This I Believe
I believe in wild Pacific salmon. Not farmed salmon or hatchery salmon, but really wild salmon that begin life as bright eggs in the gravel of Pacific Coast streams, and several months or several years later, migrate to the ocean and return years later to spawn and die. I believe in fishing for salmon, eating salmon and protecting wild salmon and their rivers.
I didn’t always believe in salmon. Growing up in Louisiana, I fished for speckled trout and redfish and believed in the Catholic catechism as taught by the Sisters of St. Joseph. When I moved to the Pacific Northwest twenty years ago, I got a job working with Native American tribes that fished for salmon on the Columbia River.
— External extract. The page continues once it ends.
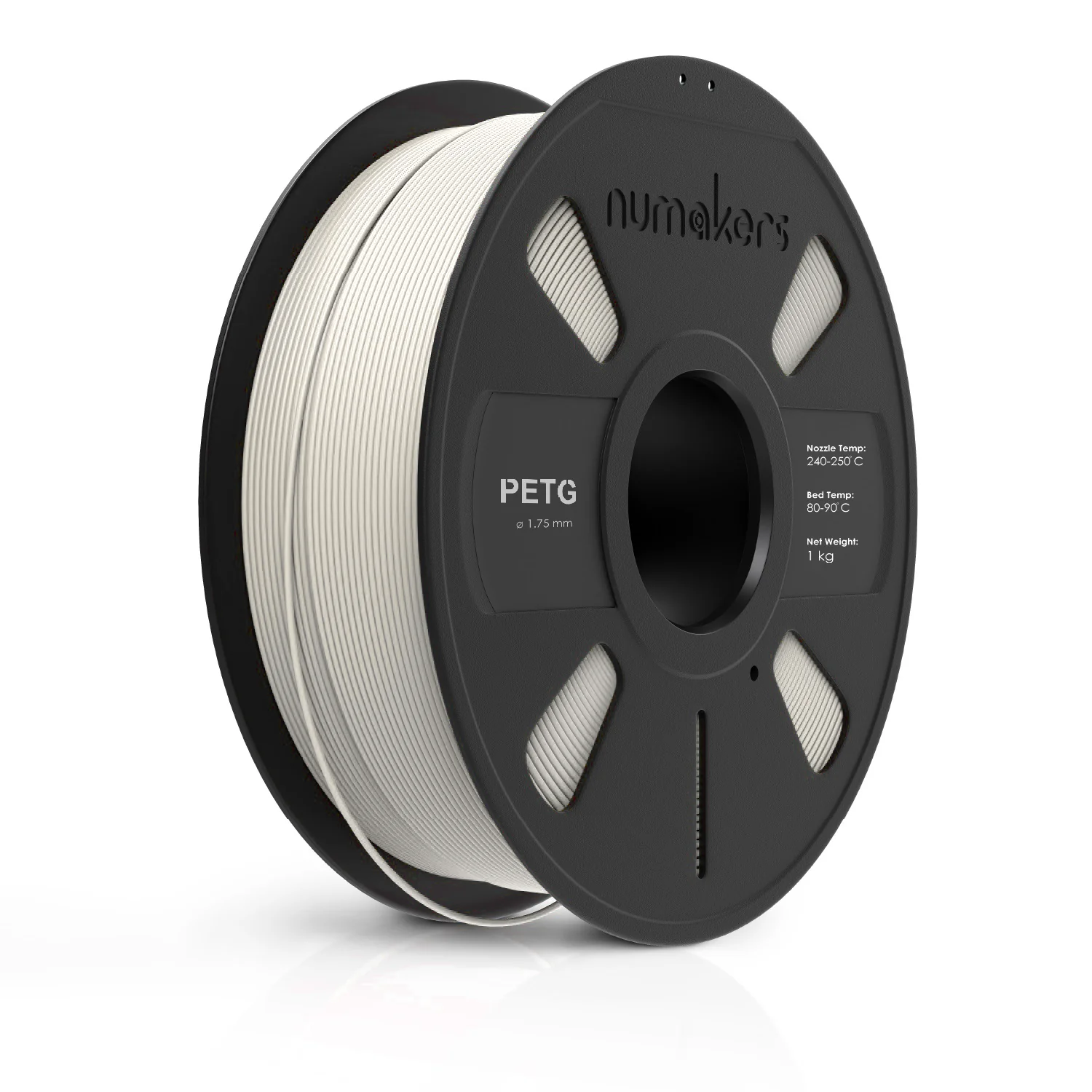Numakers PETG HS Pure White 1.75mm 1kg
My salmon education included stories from the older tribal members who remembered fishing for salmon before dams turned a living river into a series of slow-moving reservoirs. Theirs was a different religion, connected to the migration cycles of salmon for millennia in ways I learned to admire but could hardly comprehend.
Over the years, I have learned from scientists more about the role of salmon in our landscapes – how the dying salmon feed their offspring by releasing ocean nutrients contained in their decaying bodies into the rivers and how these nutrients feed everything from caddis flies to bears to fir trees and all are made healthier. That there are little traces of chinook salmon in the wood of our houses, chum salmon in the fruit from our orchards, and maybe even a little bit of coho salmon in that nice glass of Pinot from California’s Russian River vineyards. And I remembered the essential Christian paradox that, because of Christ, we believe that in death there is eternal life.
In the Pacific Northwest, we are losing our salmon. Only three sockeye salmon returned to their home waters this year, a tiny remnant of a run that gave Idaho’s Redfish Lake its name. Other salmon stocks, like the once abundant spring chinook of the Snake River basin, continue their long slow decline towards extinction, severing the connection between the ocean’s bounty and our depleted watersheds. Our politicians pay lip service to salmon, but the hard choices we must make to save them elude us. We are lost in a series of lawsuits, seemingly endless government process and dilatory tactics by those who benefit from the status quo of industrial rivers and cheap electricity. We have begun to wonder what our landscape will be when there are no more salmon to feed and inspire us.
So I believe that salmon are worth taking out dams for, worth protecting salmon streams by not cutting down trees or building subdivisions or spraying pesticides or any of the other actions that put silt or pollution in those streams or make them too warm for fish. I believe I should not fish in places where there are not enough wild salmon but, where there are enough salmon for sustainable fisheries, I can take my place at the communion table of salmon and share in their sacrifice.